Problem requirements: Leave out the pictures and repeat exactly the lines from the one containing "近全新 UNIQLO輕暖長版羽絨大衣外套 防風防水 毛呢印花 黑灰S 日本購入" through the end of the records.

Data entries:
+ + + +

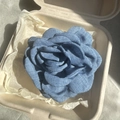 Elegant blue denim fabric rose hair claw clip displayed in eco-friendly packaging box - 9.5CM / Light Denim Blue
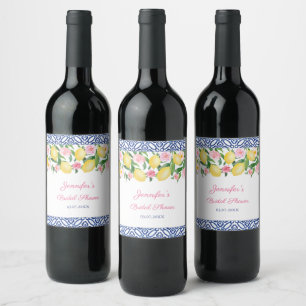 Étiquette Pour Bouteilles De Vin Positano Lemons Carreaux Bleu Et Blanc Fête des ma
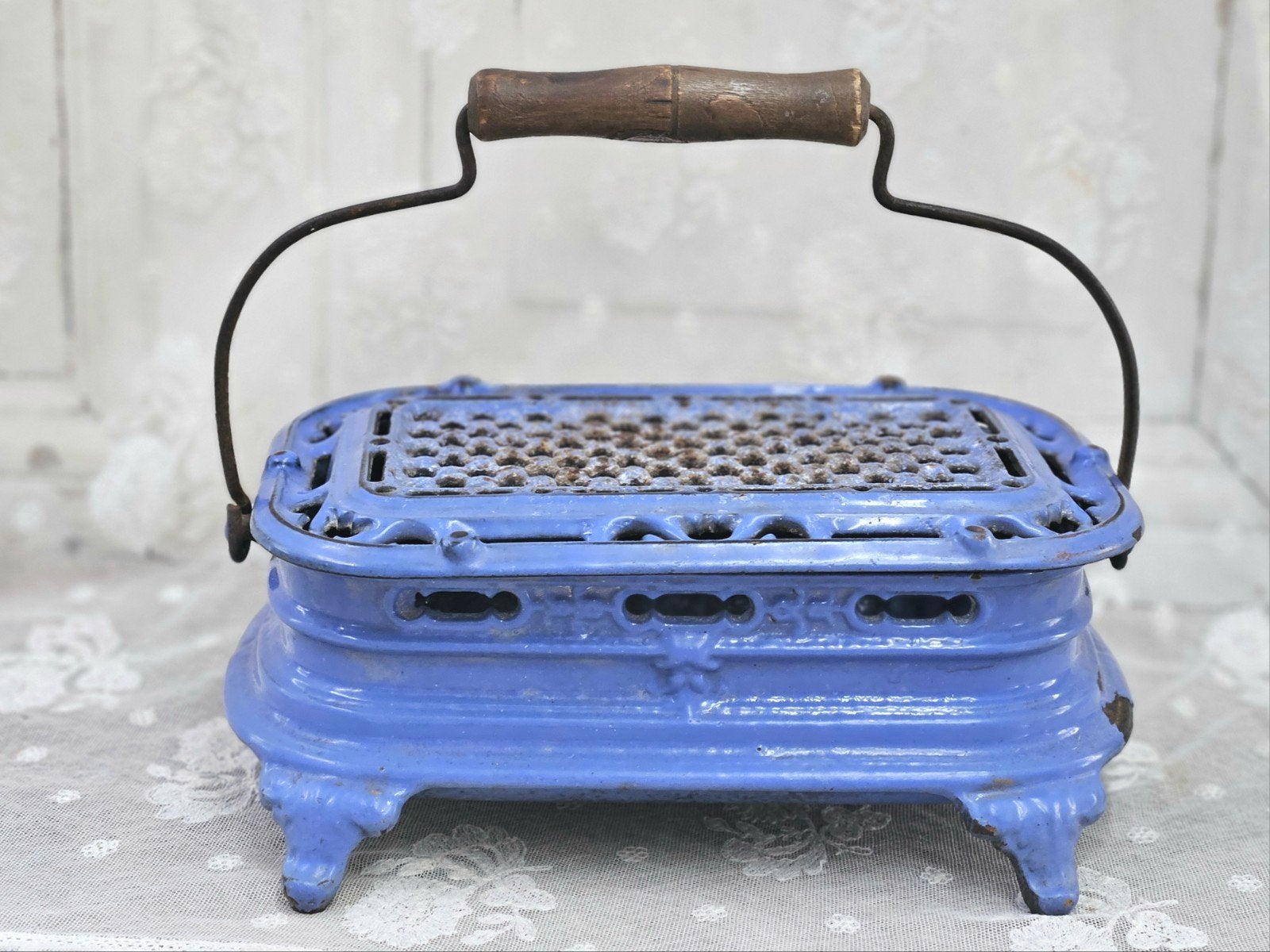 Lavendelblauw stoofje, Antiek en Kunst, Ophalen of Verzenden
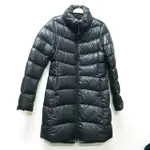 近全新 UNIQLO輕暖長版羽絨大衣外套 防風防水 毛呢印花 黑灰S 日本購入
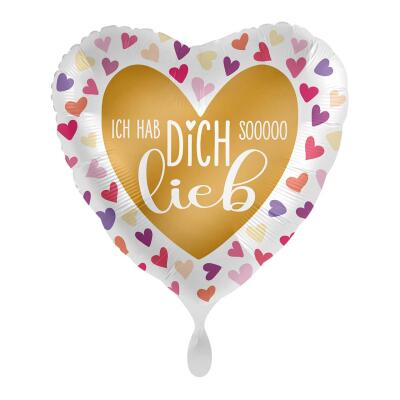 Folienballon Ich hab Dich sooooo lieb, 43 cm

+ + + +

Reply:
 近全新 UNIQLO輕暖長版羽絨大衣外套 防風防水 毛呢印花 黑灰S 日本購入
 Folienballon Ich hab Dich sooooo lieb, 43 cm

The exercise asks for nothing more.